Небезынтересно отметить, что с борта «Оби» в последний декабрьский день 1957 года в районе Мирного состоялся запуск метеорологической ракеты в стратосферу, положивший начало новому направлению исследований атмосферы Земли.
О заслугах дизель-электрохода «Обь» можно рассказывать бесконечно. На его борту работали многие исследователи и ученые, лауреаты Нобелевской и Государственных премий, Герои Советского Союза и Социалистического труда, академики и члены-корреспонденты, доктора и кандидаты наук.
В экспедиционных рейсах «Оби» принимали участие ученые из тринадцати иностранных государств.
Труд моряков экипажа «Оби» неоднократно отмечался орденами и медалями. На борту судна хранилась большая коллекция подарков и сувениров, в том числе большая картина «Река Обь», выполненная сибирским художником И. Титовым, подаренная морякам «Оби». Все это достояние, как память о прославленном корабле, передал в дар музею Мурманского морского пароходства последний капитан «Оби» Сергей Иванович Волков.
Имена капитанов и первого помощника капитана дизель-электрохода «Обь», отличившихся в антарктических походах, носят суда Мурманского и Дальневосточного морского пароходств: «Капитан Ман», «Капитан Дубинин», «Капитан Свиридов», «Капитан Воденко», «Виктор Ткачёв».
Сколько раз мне, старому полярному капитану, ставшему на склоне лет морским лоцманом, доводилось встречать и провожать их в дальние плавания…
Юрий Дмитриевич Утусиков принадлежит к плеяде замечательных ледовых капитанов дальнего плавания Мурманского морского пароходства, работать в котором он начал в 1961 году.
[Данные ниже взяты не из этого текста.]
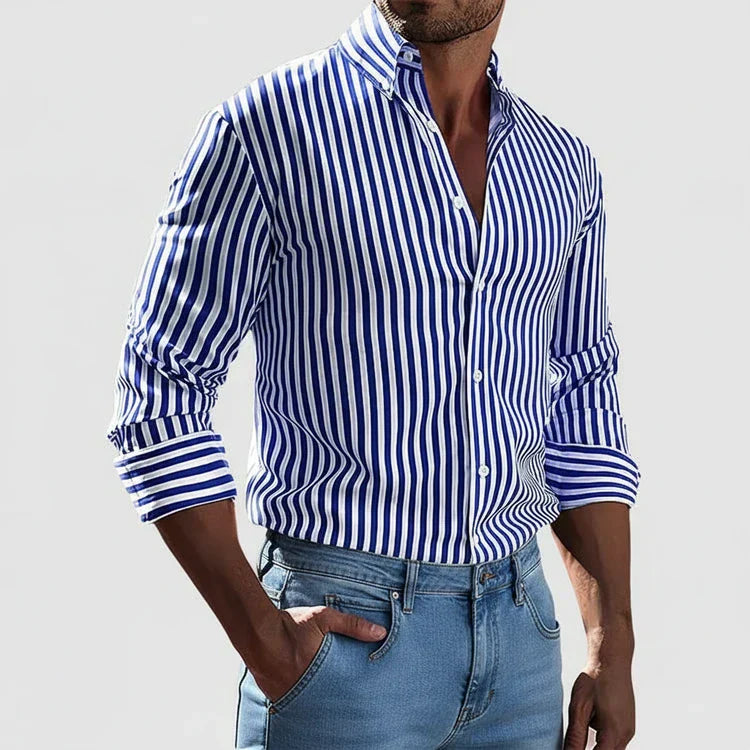 Axel | Men's Striped Button Up Shirt Navy White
Мечта о море привела парнишку из сибирского поселка Октябрьское, раскинувшегося на берегах Оби, в Ленинградское мореходное училище, а затем и на капитанский мостик. Более 30 лет провел он в море, но и сейчас продолжает трудиться лоцманом Санкт-Петербургского торгового порта. За плечами полярного капитана участие в шести антарктических экспедициях, в том числе на знаменитом дизель-электроходе «Обь», капитаном которого он стал в 1973 году.
На страницах книги оживают воспоминания о детстве, проведенном в Югорском крае, учебе в мореходном училище, овладении морской профессией и наиболее ярких эпизодах, связанных с работой в Арктике и Антарктиде.Примечания
1
Хочу рассказать о судьбе еще одного судна этой серии, получившего название «Байкал». К сожалению, биография этого судна сложилась незавидно. После недолгой службы в составе Мурманского пароходства оно было передано Северному флоту для обеспечения подготовки и испытаний атомного оружия на Новой Земле. Вследствие недостаточной квалификации военных моряков, незнакомых с такой техникой, главные и вспомогательные машины корабля скоро пришли в негодность, и «Байкал» пришлось отправить на ремонт за границу, но уже с экипажем Мурманского пароходства. После ремонта «Байкал» вернули Северному флоту, но здесь его постигло новое несчастье – пожар, после которого он очутился на длительном ремонте в Мурманском СРЗ, где я его встретил в 1975 году, когда «Обь» готовилась к антарктическому рейсу. В конце декабря этого года после окончания ремонта, длившегося более года, «Байкал» вышел на ходовые испытания, и после их проведения возвращался в Мурманск. У входа в Кольский залив корабль на полном ходу в 15 узлов выскочил на береговые скалы. Уцелевшая часть корпуса корабля стоит там по сей день как памятник безалаберности некоторых командиров ВМФ в назидание другим, поднявшимся на капитанский мостик.